*DATASET SECTION*
____________

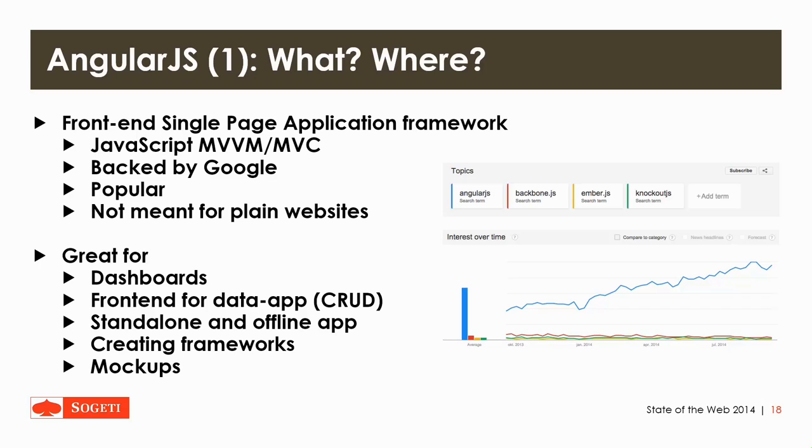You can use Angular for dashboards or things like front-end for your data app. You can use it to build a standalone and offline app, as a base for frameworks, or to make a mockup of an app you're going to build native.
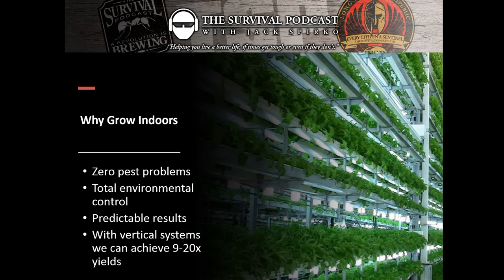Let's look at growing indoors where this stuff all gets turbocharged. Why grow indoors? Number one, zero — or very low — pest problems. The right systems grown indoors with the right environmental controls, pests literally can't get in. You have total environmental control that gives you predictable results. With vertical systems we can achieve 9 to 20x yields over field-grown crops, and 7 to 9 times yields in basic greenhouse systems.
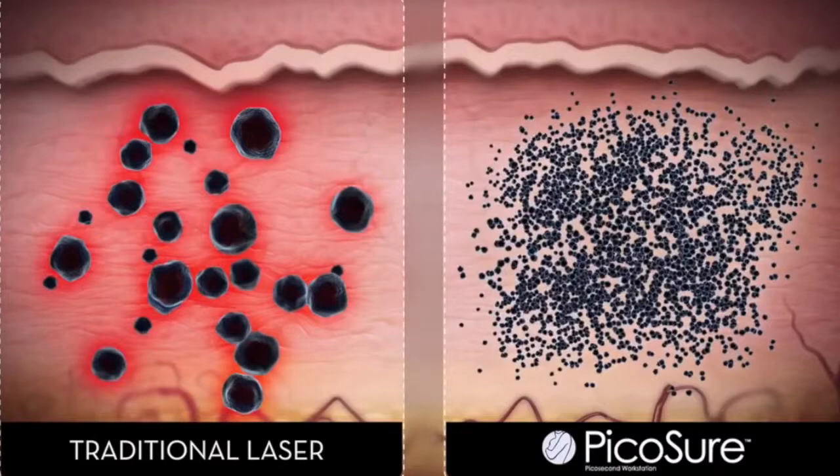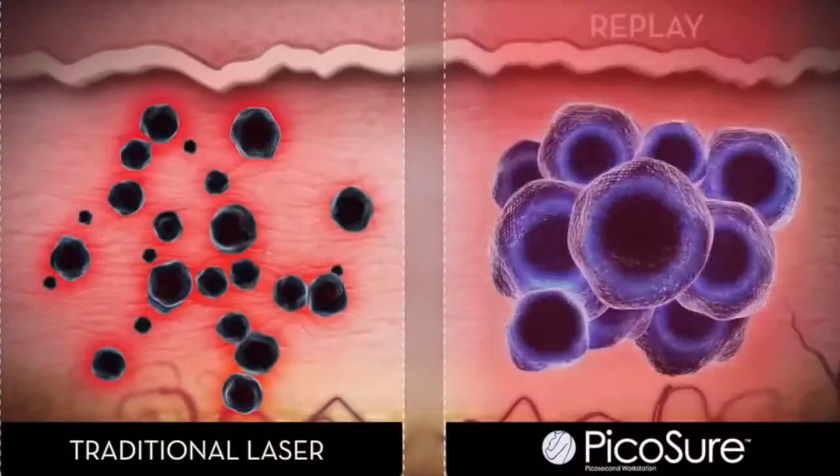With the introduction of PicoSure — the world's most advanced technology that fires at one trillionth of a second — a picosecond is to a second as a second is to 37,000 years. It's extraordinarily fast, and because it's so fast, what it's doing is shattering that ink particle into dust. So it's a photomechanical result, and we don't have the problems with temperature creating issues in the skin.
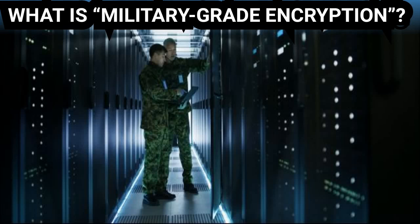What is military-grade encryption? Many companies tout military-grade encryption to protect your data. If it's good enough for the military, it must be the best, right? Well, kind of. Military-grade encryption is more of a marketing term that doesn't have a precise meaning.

____________

*WHAT YOU WILL DO*
Write out exactly the lines above, from the very first through the line containing "Let's look at", both kept, with the pictures removed.

*ANSWER BELOW*
You can use Angular for dashboards or things like front-end for your data app. You can use it to build a standalone and offline app, as a base for frameworks, or to make a mockup of an app you're going to build native.
Let's look at growing indoors where this stuff all gets turbocharged. Why grow indoors? Number one, zero — or very low — pest problems. The right systems grown indoors with the right environmental controls, pests literally can't get in. You have total environmental control that gives you predictable results. With vertical systems we can achieve 9 to 20x yields over field-grown crops, and 7 to 9 times yields in basic greenhouse systems.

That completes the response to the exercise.